Reputation: 323
I'm quite new to nlp. I'm trying to use a model trained with gensim in dl4j. I'm saving the model with
w2v_model.wv.save_word2vec_format("path/to/w2v_model.bin", binary=True)
and afterwards I'm loading it with
Word2Vec w2vModel = WordVectorSerializer.readWord2VecModel("path/to/w2v_model.bin");
The model works well except for the handling of out-of-vocabulary (OOV) words. In Gensim, it seems to calculate vectors for OOV words based on the word's n-grams, but in DL4J, it provides an empty vector for them.
My questions are:
Any guidance or suggestions would be greatly appreciated
Upvotes: 0
Views: 100
Reputation: 54208
The core original word2vec algorithm – and the Word2Vec
model class in Gensim – has no ability to synthesize vectors for OOV words using character n-grams.
That's only a feature of FastText models (and the FastText
model class in Gensim) – so if you're seeing that working in Gensim, your w2v_model
variable may actually hold a Gensim FastText
object.
Further, the plain {word, vector}-per-line format saved by Gensim's .save_word2vec_format()
(whether binary=False
or binary=True
) doesn't save any subword n-grams, even if used on a FastText
object. (It just saves the full-word vectors for in-vocabulary words.)
Gensim's FastText
can save models in the full raw model format also used by Facebook's original FastText implementation – see FastText.save_facebook_model()
.
But to bring that to a Java environment, you'd need to find a true FastText implementation that also reads that format. I don't see any evidence that the Word2Vec
class in DL4J supports FastText features or load FastText models.
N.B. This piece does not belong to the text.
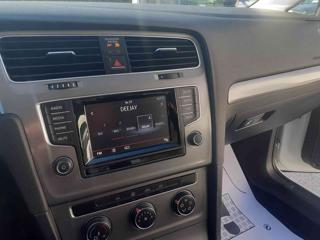 VOLKSWAGEN Golf usata, con Airbag testa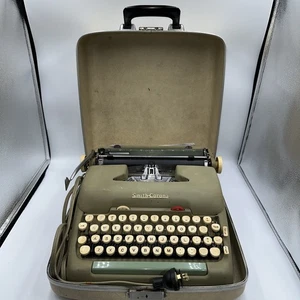 Smith Corona 5TE Seafoam Electric Typewriter With Case - For REPAIR - Picture 1 of 13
There is an org.deeplearning4j.models.fasttext.FastText
class – which seems to wrap the Facebook native C++ FastText implementation via another com.github.jfasttext.JFastText
. That is, it's not a true Java implementation, but it makes the model accessible to Java code.
I have no idea of the completeness/reliability of this approach; it's a little fishy to me that a class (JFastText
) not from a Github engineer is named via a com.github
path, but presumably the deeplearning4j
maintainers know what they're doing, and this may be your best option for loading a fully-capable (character-n-gram features) FastText model for use in DL4J.
Upvotes: 0